The Church and the world were stunned at the surprising and unexpected announcement made last Monday by Pope Benedict XVI of his resignation. He did not feel capable of carrying out any longer the duties of his ministry of governing the whole Church of Christ. Although it took us all by surprise, the signs of his failing health were there, especially over the past few months. This momentous decision was not taken on the spur of the moment, but after much thought and prayer; “having repeatedly examined my conscience before God, (he said), I have come to the certainty that my strengths, due to an advanced age, are no longer suited to an adequate exercise of the Petrine Ministry”. As always it was not his own advantage he sought but the will of God and the good of the Church. It has been hailed as a humble and courageous decision. It reveals the unambitious nature of a great scholar.

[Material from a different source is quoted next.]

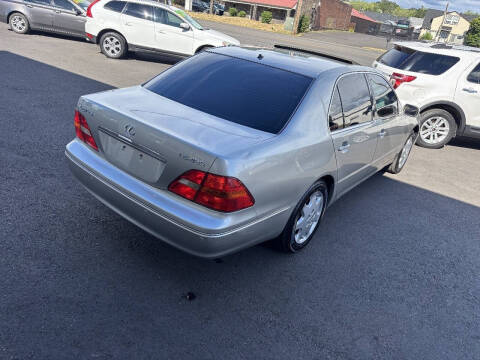 2003 Lexus LS 430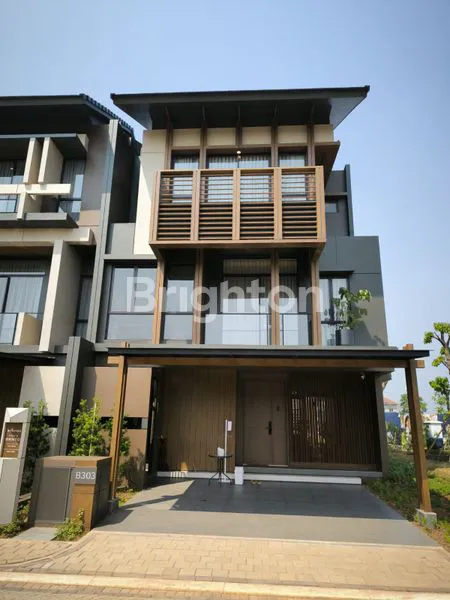 image RUMAH KAWASAN PREMIUM DI BSD CITY CLUSTER WYNYARD (1)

For almost eight years, Pope Benedict has been guiding the Church through the stormy waters of the present time. He was an outstanding theologian with exceptional skills, but one who had the gift of explaining the teaching of Christ in a manner that was simple and accessible to the multitude. His writings and talks attracted the attention of a worldwide audience. They spread the Gospel message in a language suited to our age.

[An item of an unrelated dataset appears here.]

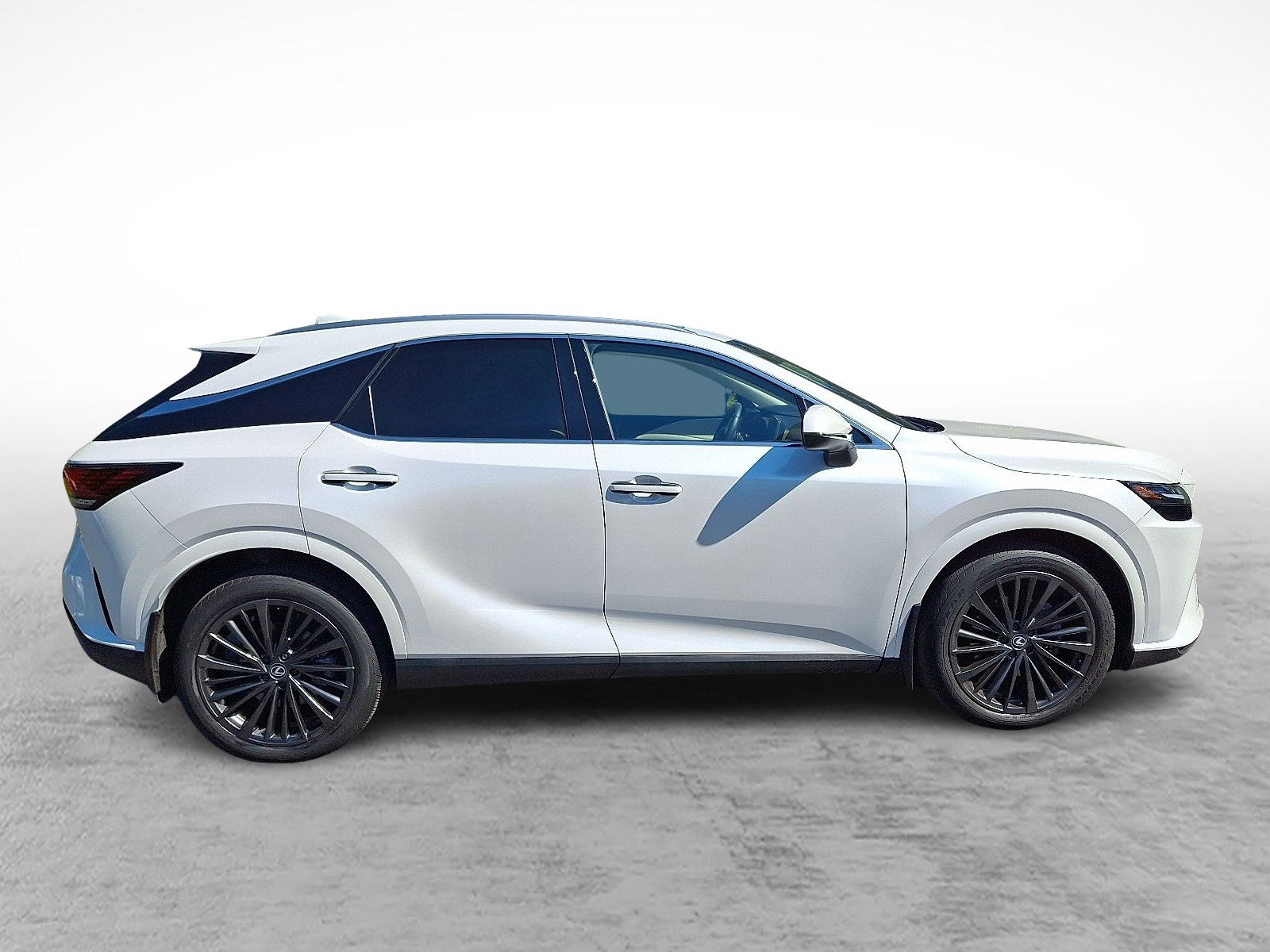 Used 2024 Lexus RX 350 Premium w/ Cold Area Package AWD/4WD image 7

The Encyclical Letters of Pope Benedict XVI dealt with the fundamental topics of love, hope and genuine human development. His discourses and homilies were exceptional in their clarity and spiritual richness. It is rightly said that pilgrims flocked to Rome not simply to see him but to listen to his inspiring teaching. He valued and loved a dignified liturgy, as he was profoundly convinced of the sanctifying value of the Eucharist and the Sacraments. He regarded it as a providential coincidence that he was elected in the year dedicated to the Eucharist (2005). He saw the Eucharist as the “permanent centre and source” of his mission as Pope.
Humanly speaking he was self-effacing and reserved, an utter gentleman. However he loved truth more than popular approval and like his patron St Benedict, “preferred nothing whatsoever to Christ”. He will be remembered for his trilogy on the life of Christ, Jesus of Nazareth, which offered many people a readable account of Our Saviour’s life. It was the result of a lifetime of study.

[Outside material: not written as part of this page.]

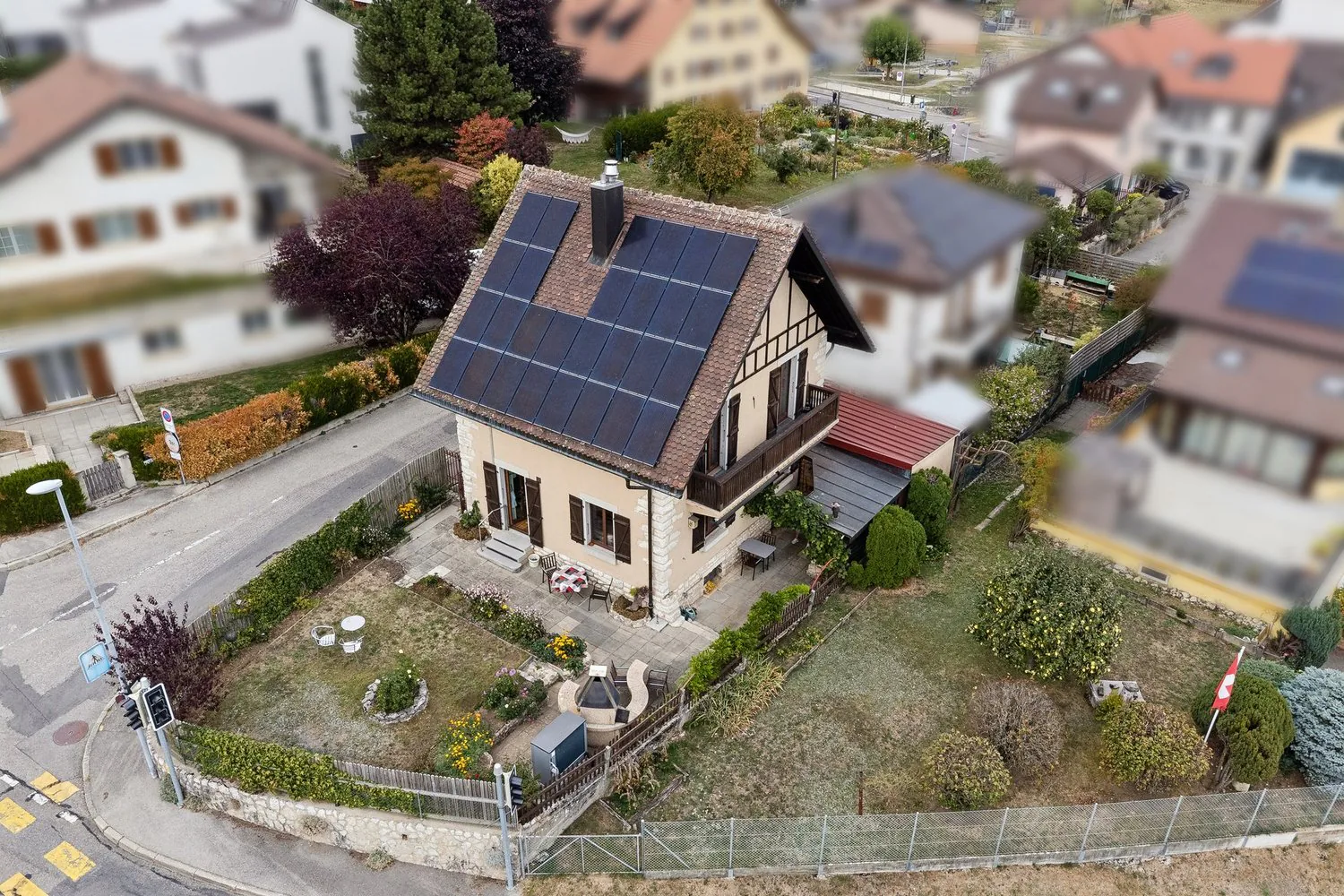 Charming individual house with a view of Lake Neuchâtel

Pope Benedict laboured unceasingly and generously for unity in the Body of the Church and for peace amongst nations. As he had done for 23 years as Prefect of the Congregation for the Doctrine of the Faith, he championed the cause of children who were abused, and modified the discipline of Church law in order to redress the wrong that was done but that should not have happened, and he promoted safeguarding structures that aimed to prevent such shameful abuse from happening again.
Pope Benedict was a man who proclaimed the faith and taught the Gospel. He did not place himself in the limelight, but kept that place for Christ, the Light of the world. On the day he took possession of his Cathedral in Rome, Saint John Lateran’s, he spoke of the mandate that is given to the Bishop of Rome, the successor of Saint Peter, namely, “to be the leader in the profession of Faith in Christ, the Son of the living God”. This has been the task he has performed with admirable commitment and constancy over the past eight years. He now retires to the quiet atmosphere of a secluded monastery in the Vatican gardens, where he will continue to serve the Church in prayer and meditation.
We wish him restful years of retirement with improved health, and we promise to continue to assist him with our prayers.